|Subject: NZ Herald: Timor racketeers seized
in dawn raid by NZ troops
Timor racketeers seized in dawn raid by NZ troops
06.07.2000 - By GREG ANSLEY
New Zealand troops have broken a militia-linked extortion racket in a crackdown on organised crime in the western border region of East Timor.
In a dawn raid on two villages, soldiers of 2/1 Battalion NZ Infantry Regiment and United Nations police officers arrested eight alleged racketeers.
Among them was former militia leader Domingos Pereira who, with other militiamen and local hoodlums, allegedly extracted what by East Timorese standards was a small fortune from villagers whose lives had already been ravaged by last year's pro-Indonesian killing and destruction.
Action is now planned against at least one other organised gang operating in the southwest of East Timor in what is intended as a crackdown on crime and a sharp warning to others to stay clear of the region.
Military and UN officials are concerned at the growth of crime and violence in the East Timorese capital of Dili and want to prevent this in the south.
There is no evidence of links between protection rackets in the southwest and Dili gangs, but there is concern that networks could develop, possibly through former militia members who have returned from West Timor.

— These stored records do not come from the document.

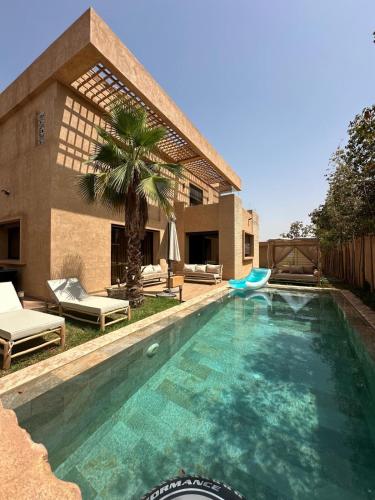 Villa familiale a 10km du boulevard Mohamed VI — 4-Star Luxury Hotel in Marrakesh, Morocco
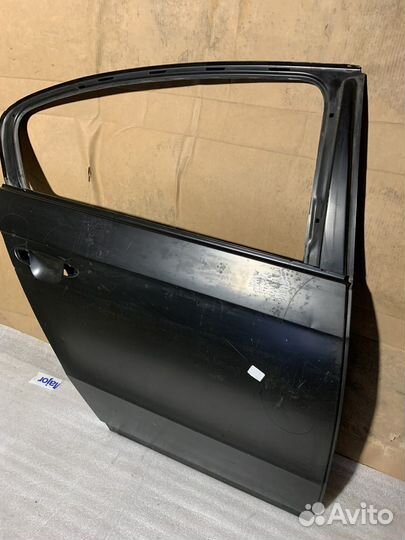 Дверь Volkswagen Passat B7 новая,оригинал
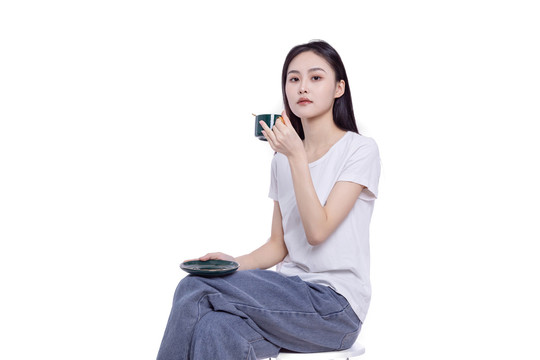 东方女性拿着咖啡杯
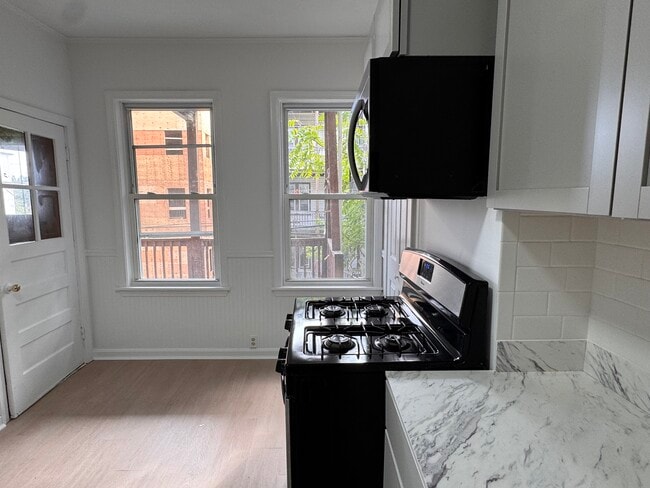 Photo - 211 Chelsea St Unit 2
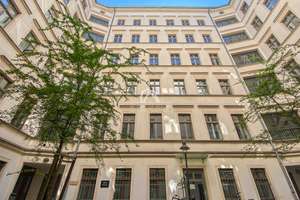 WOHNUNGSPAKET MIT DACHTERRASSE IM WRANGELKIEZ | 1.OG–DG | POTENZIAL | PROVISIONSFREI! – Oppelner Straße 26, 10997 Kreuzberg, Berlin – Vorschaubild 2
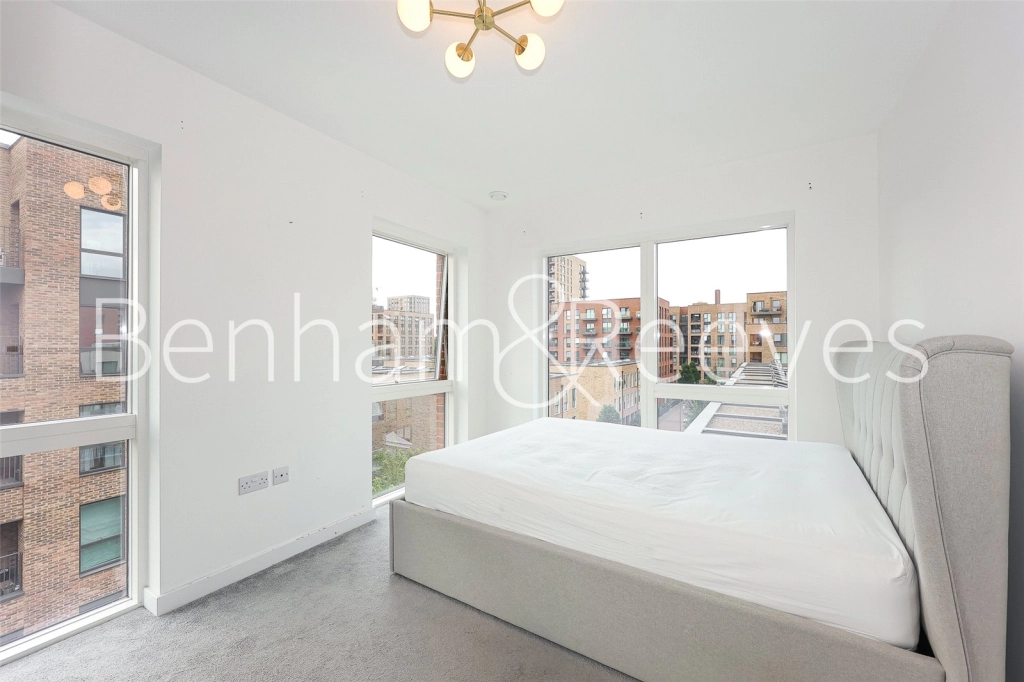 3 bedrooms apartments/flats for sale in May House, 39 Achill Close, London - NW9 view 17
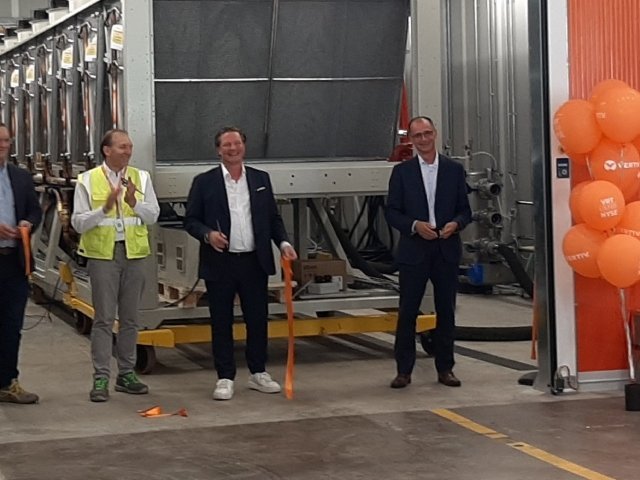 Vertiv zvýšil výrobní kapacitu pro svá řešení chlazení vodou v datových centrech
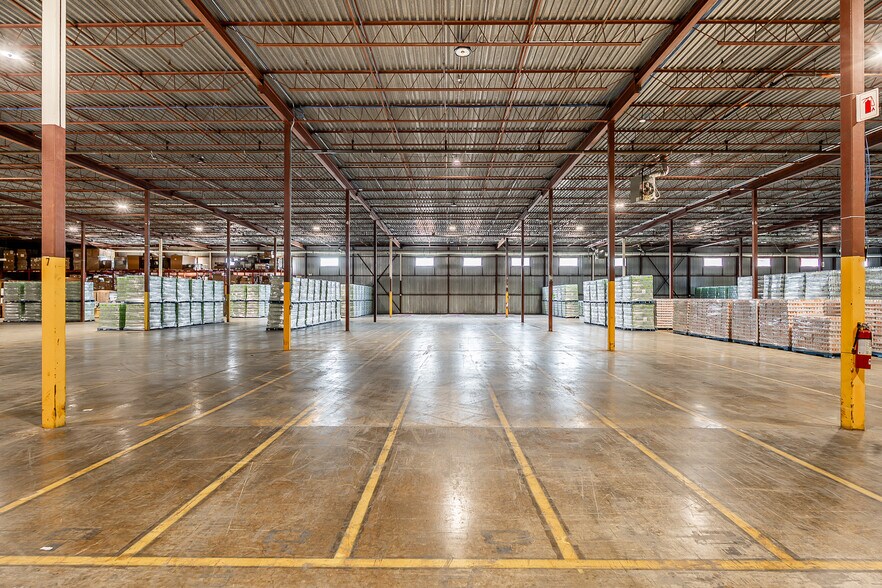 More Photos Of 8100-8200 Boul Cavendish, Saint-Laurent Distribution For Lease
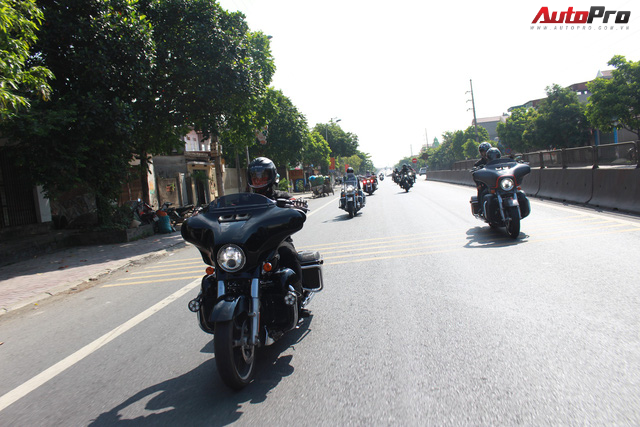 Hàng trăm chiếc Harley-Davidson đang tiến về Đà Nẵng tham dự đại hội 3 miền - Ảnh 4.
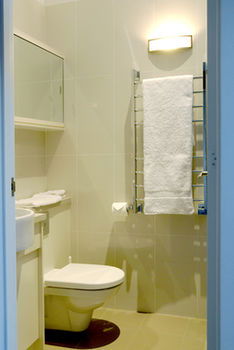 By The Beach B&B And Apartments - Accommodation Search 6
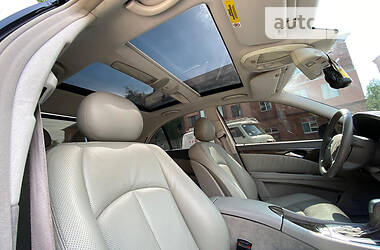 Седан Mercedes-Benz E-Class 2004 в 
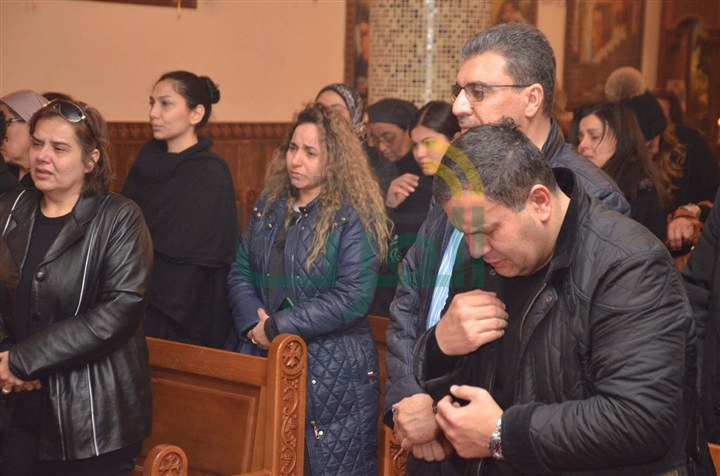 بالصور.. نجوم الفن والإعلام في جنازة والدة "إدوارد"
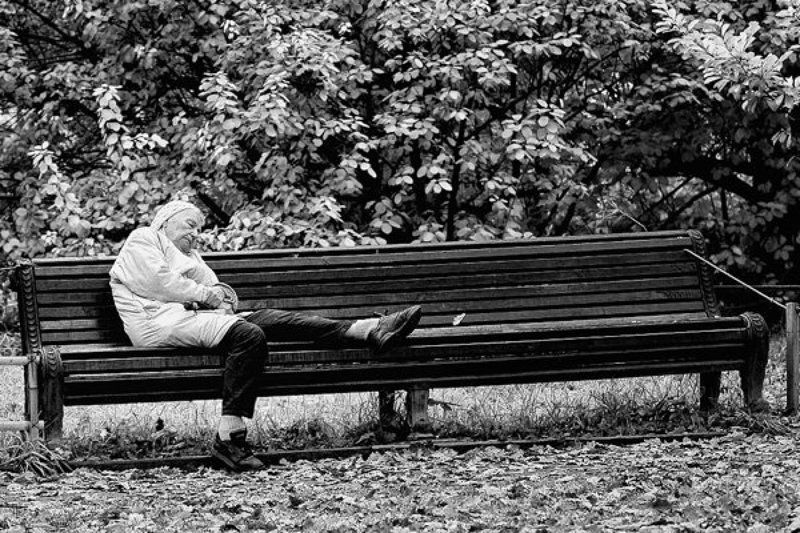 бабушка, бабуля, лавка, лавочка, парк, осень, сон Одинокая старость...photo preview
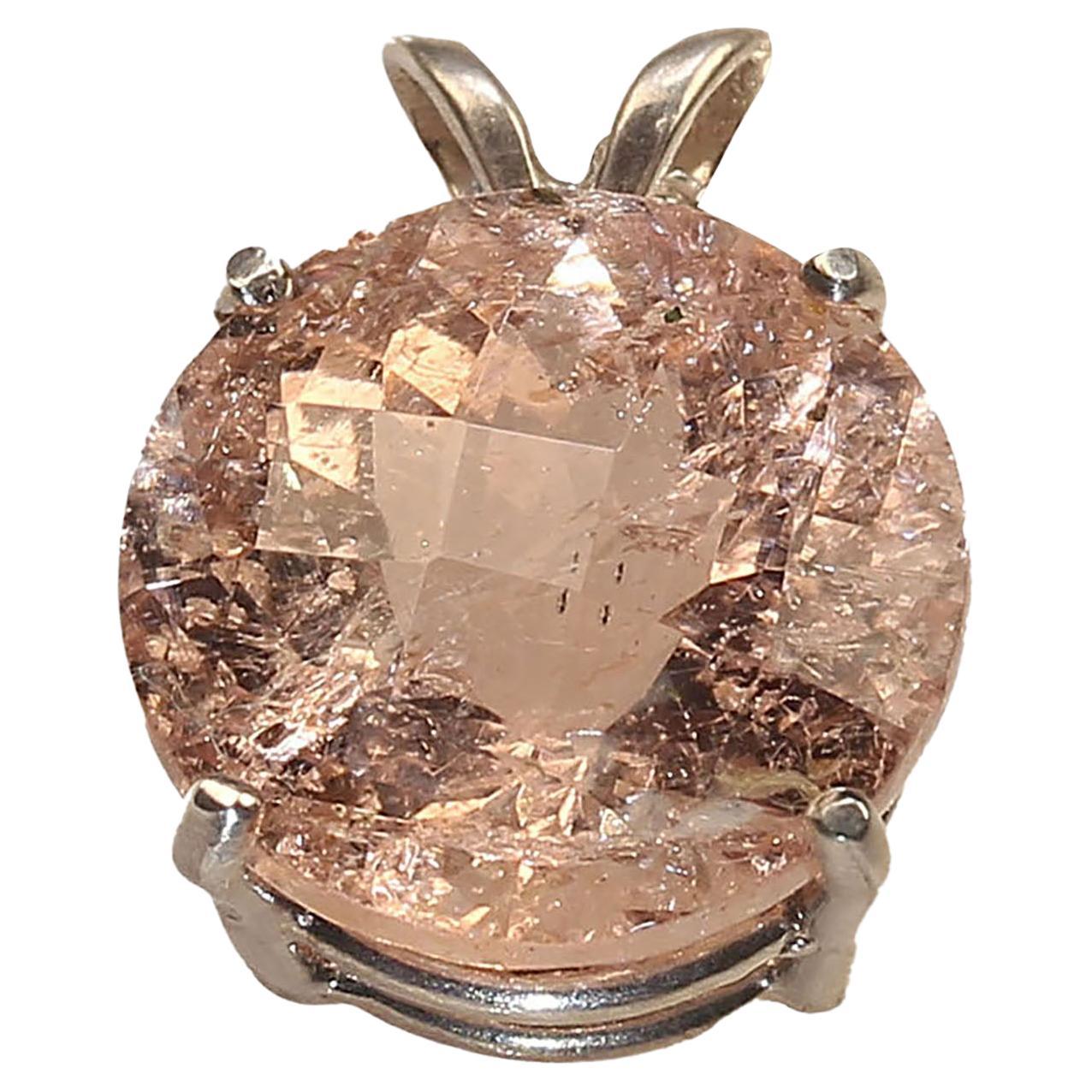 Taille ronde AJD Pendentif rond en Morganite avec chaîne en argent sterling en vente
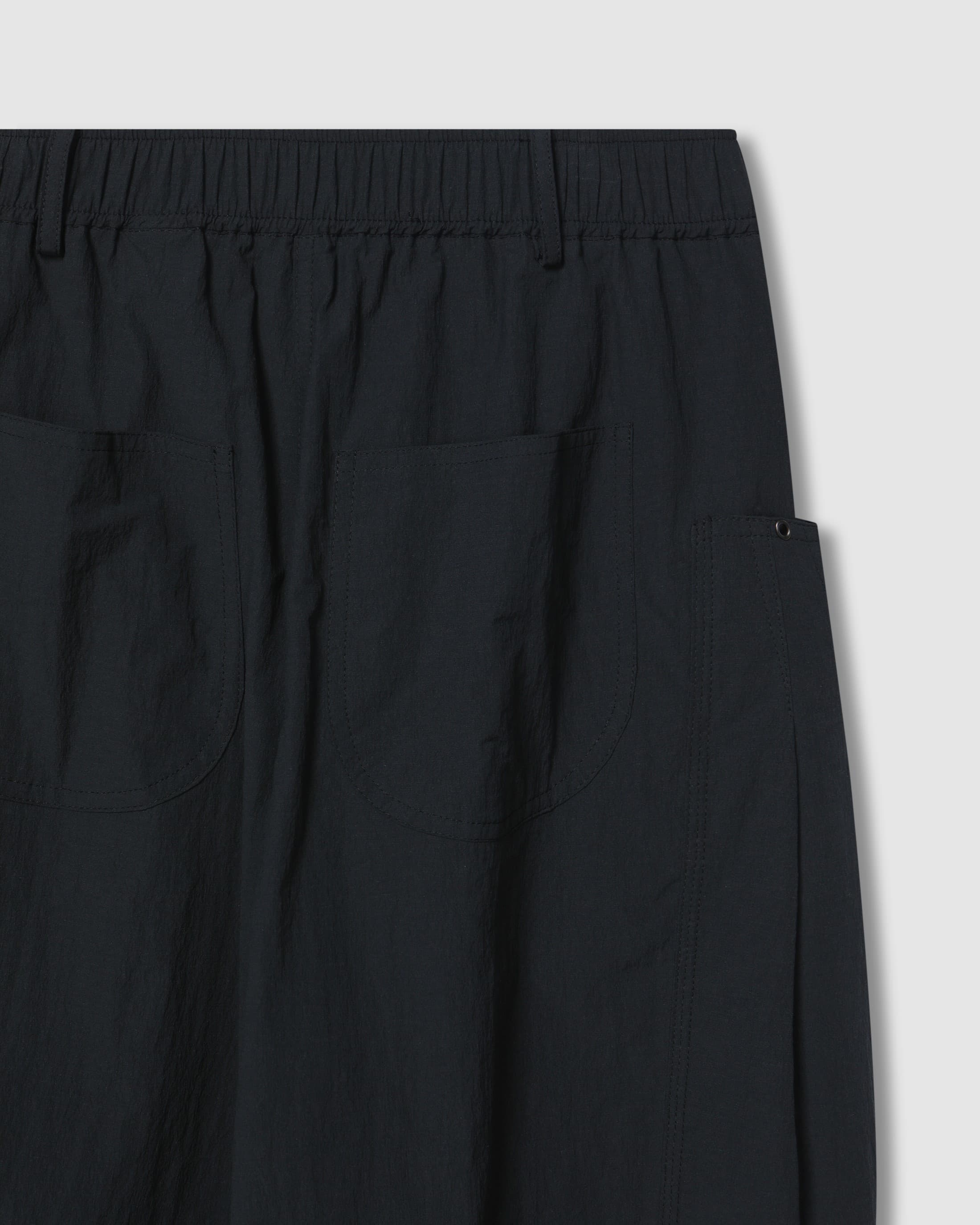 Eyelet Point Tuck Pants Dark Grey — vue 6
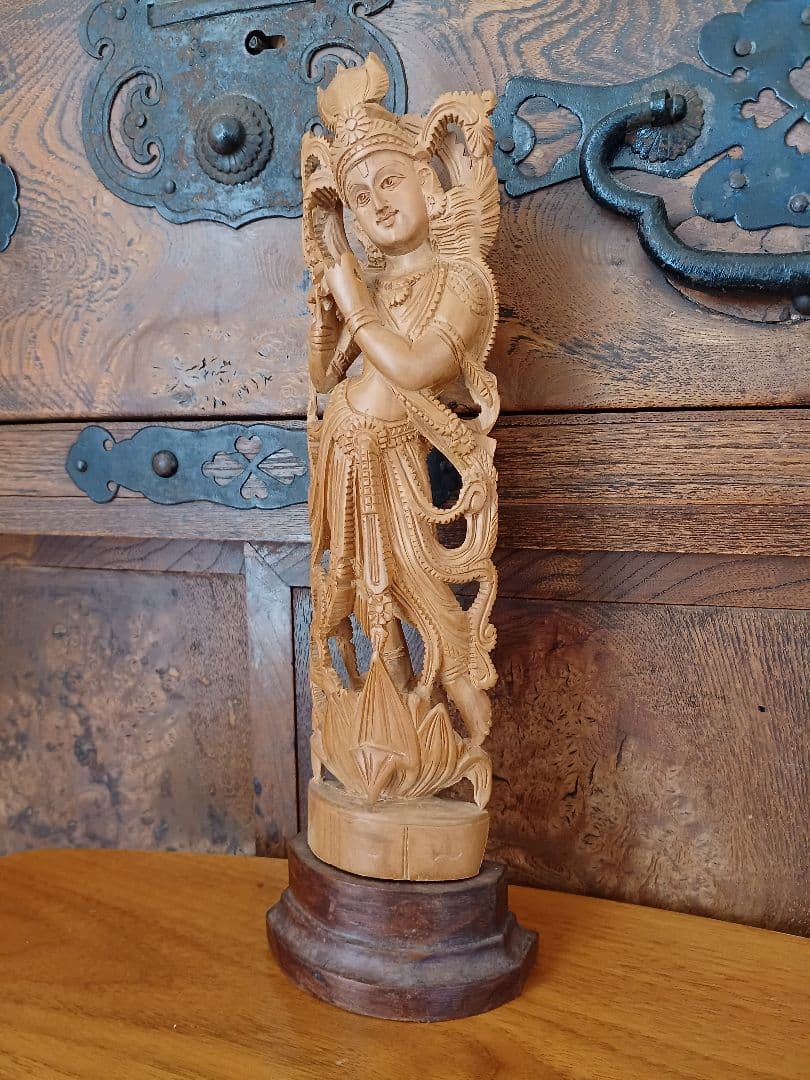 【仏像】弁財天　木彫　白檀　インド　仏教美術　骨董　アンティーク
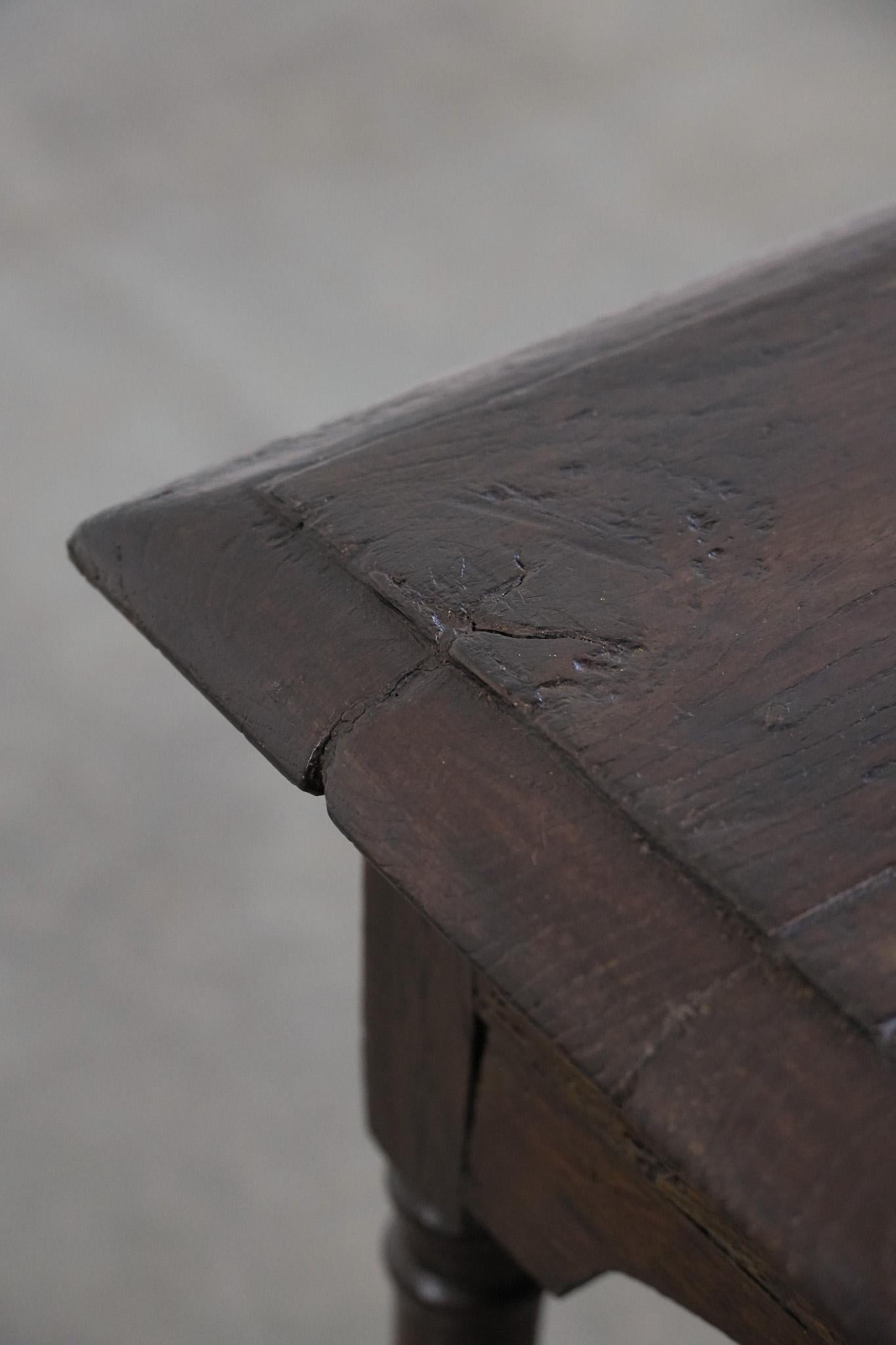 Antique English oak joint stool from the 18th century in vendita 6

The New Zealand battalion commander, Lieutenant-Colonel Martin Dransfield, said Army intelligence units had reported the appearance of former militiamen in East Timor's growing underworld, with patrols confirming the emergence of an extortion racket centred on the villages of Sibuni and Holmeser, northeast of Suai.
In a classic technique, former militiamen joined by local thugs were using threats of violence to demand protection money from terrified villagers, who had alerted special military liaison officers working to instil confidence and gather intelligence.
Villagers also reported that the gang had stockpiled weapons and ammunition, including grenades.
Army units swooped on the two villages before first light on Tuesday, initially arresting five of 10 wanted men in a house-to-house search. There was no resistance and by late afternoon three more had been arrested.
Soldiers and police also seized several million rupiah - a huge amount of money in impoverished East Timor - radio equipment and outlawed arrows and air rifles.
Colonel Dransfield said the operation, called Katana, was part of a strategy to attack crime before it took hold, with soldiers cooperating with UN civilian police in an action that would now move against other crime groups.
Organised crime in the southwest did not appear to be linked to wider networks, but instead took advantage of areas left in relative isolation.
"As a consequence ... criminal elements have been attracted to them and have been able to establish a presence.
"Also, as the militia return home from the west [under reconciliation programmes], by their very nature there is the possibility that some will cause trouble here.
"My intent is to track them, to know when they come back, know where they have gone, and know if they are integrating back as positive elements of their communities or if they are coming back and causing problems," Colonel Dransfield said.
"I intend taking the initiative against crime, rather than sitting around and waiting."